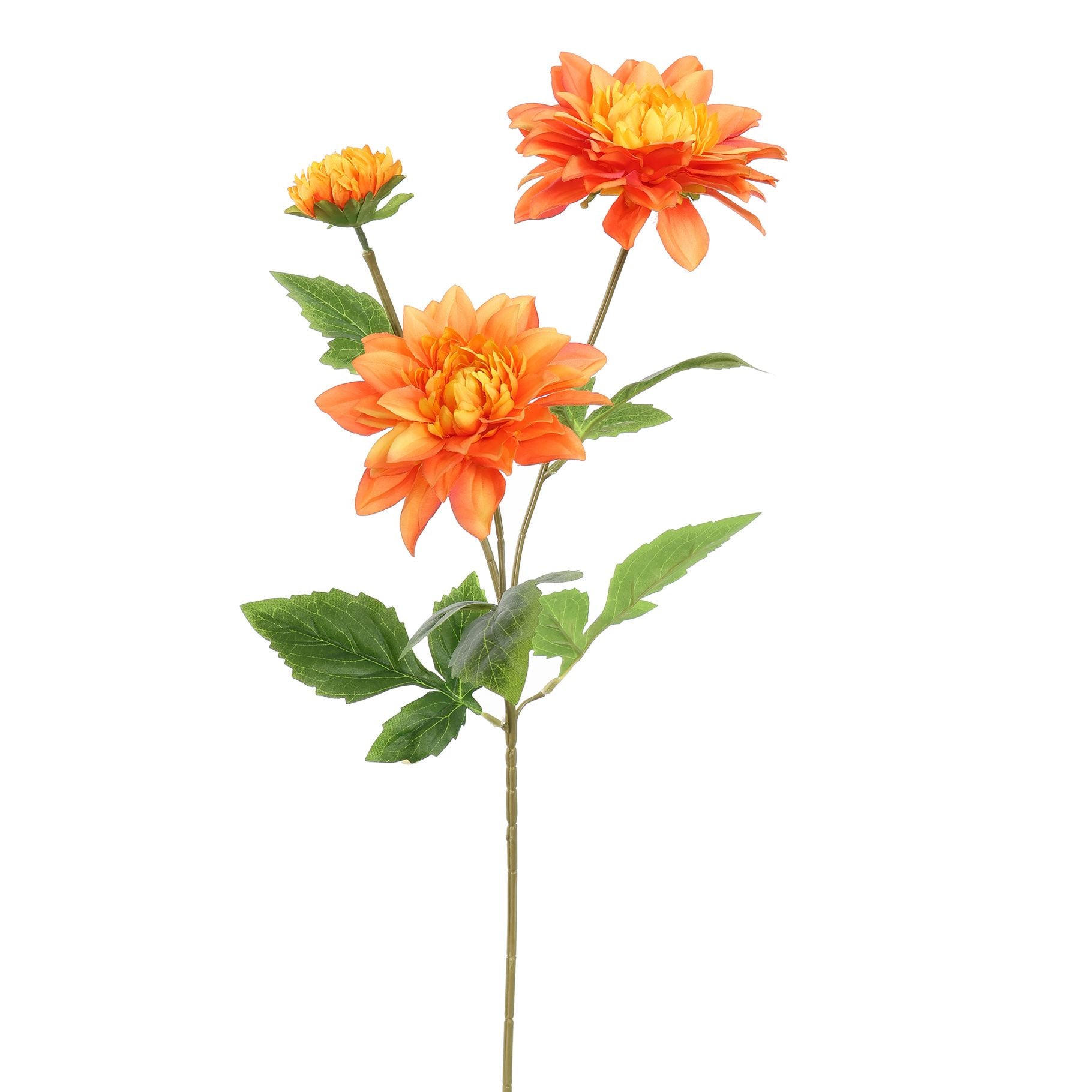 Dahlia X3 Spray 65Cm - Orange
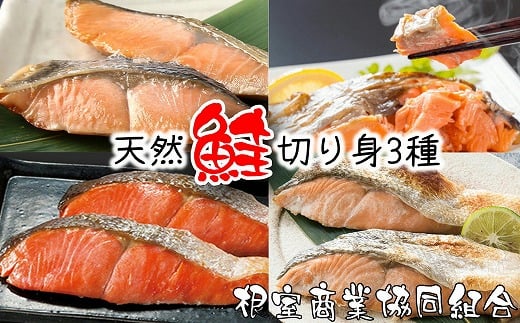 G-18011【年内配送可】 天然鮭切り身3種(紅鮭・沖獲れ鮭・秋鮭)北海道根室市10000魚介・海産物鮮魚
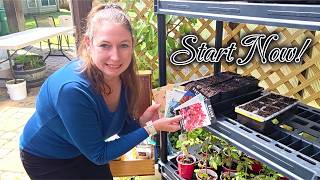 10 Seeds to Start Right Now in March 🌱(Flowers, Herbs & Vegetables)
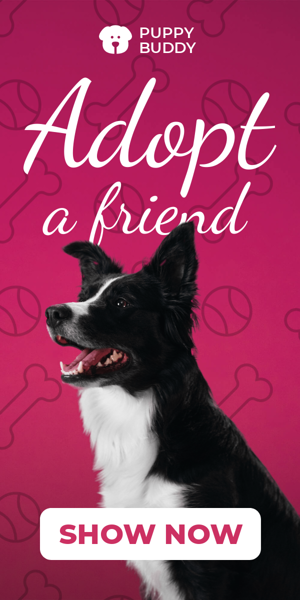 Banner ad template — Adopt A Friend — Animal Shelter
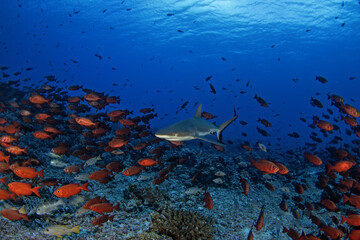 Fototapeta premium Hundreds of grey reef sharks during our dive in Fakarava island. Feared sharks on the atoll in French Polynesia. Marine life in Pacific ocean. Shark is swimming between priacanthus hamrur.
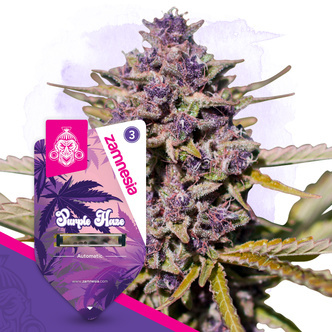 Purple Haze Autoflower (Zamnesia Seeds) feminiserade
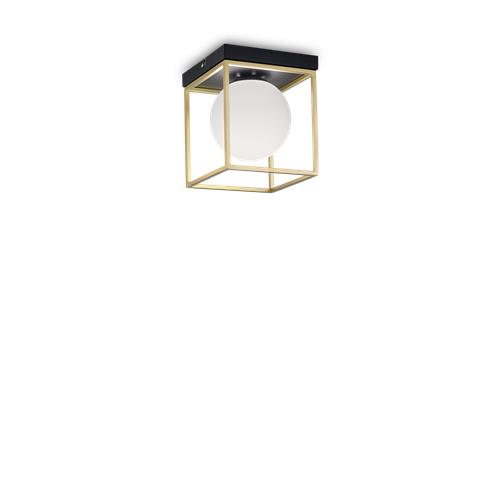 LINGOTTO PL1 OTTONE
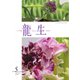 いけ花龍生 5月号（龍生華道会） [電子書籍]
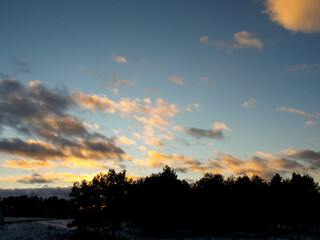 Fototapeta premium The silhouette of the forest and the picturesque sky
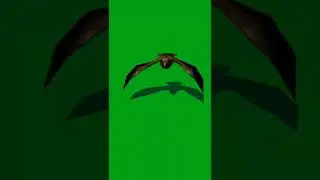 Bird green screen video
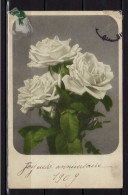 Fleurs - Roses Blanches - 1909 - Fleurs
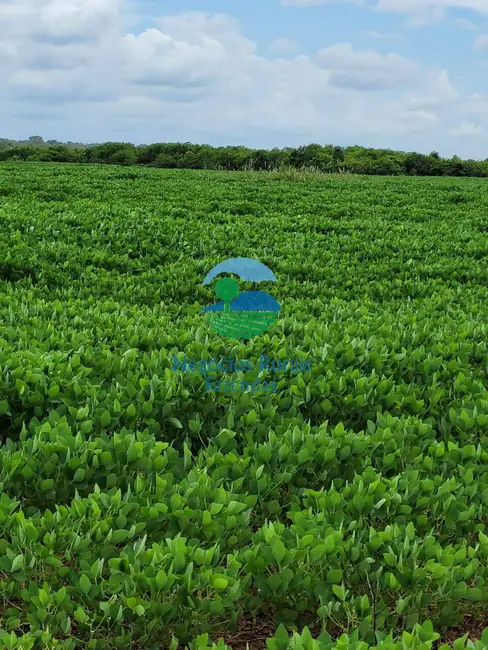 Fazenda / Haras com 1 quarto à venda, 513m2 em Silvanopolis - TO - imagem 2 Foto 2 de Fazenda / Haras com 1 quarto à venda, 513m2 em Silvanopolis - TO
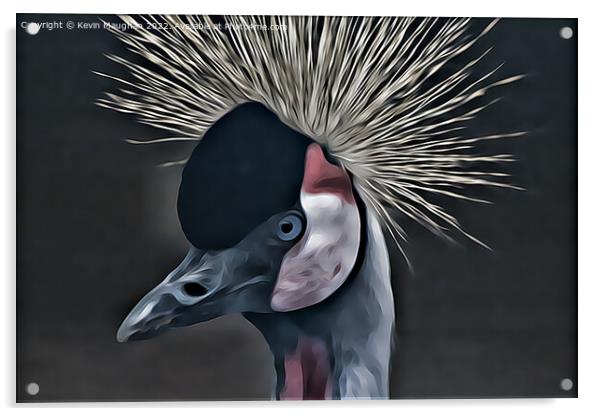 Black Crowned Crane (Digital Art Version) Acrylic by Kevin Maughan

========================

Exercise - Copy word for word each line of the data above, from the first through the one containing "TO - imagem", and include no pictures.

Task solution -
 Dahlia X3 Spray 65Cm - Orange
 G-18011【年内配送可】 天然鮭切り身3種(紅鮭・沖獲れ鮭・秋鮭)北海道根室市10000魚介・海産物鮮魚
 10 Seeds to Start Right Now in March 🌱(Flowers, Herbs & Vegetables)
 Banner ad template — Adopt A Friend — Animal Shelter
 Fototapeta premium Hundreds of grey reef sharks during our dive in Fakarava island. Feared sharks on the atoll in French Polynesia. Marine life in Pacific ocean. Shark is swimming between priacanthus hamrur.
 Purple Haze Autoflower (Zamnesia Seeds) feminiserade
 LINGOTTO PL1 OTTONE
 いけ花龍生 5月号（龍生華道会） [電子書籍]
 Fototapeta premium The silhouette of the forest and the picturesque sky
 Bird green screen video
 Fleurs - Roses Blanches - 1909 - Fleurs
 Fazenda / Haras com 1 quarto à venda, 513m2 em Silvanopolis - TO - imagem 2 Foto 2 de Fazenda / Haras com 1 quarto à venda, 513m2 em Silvanopolis - TO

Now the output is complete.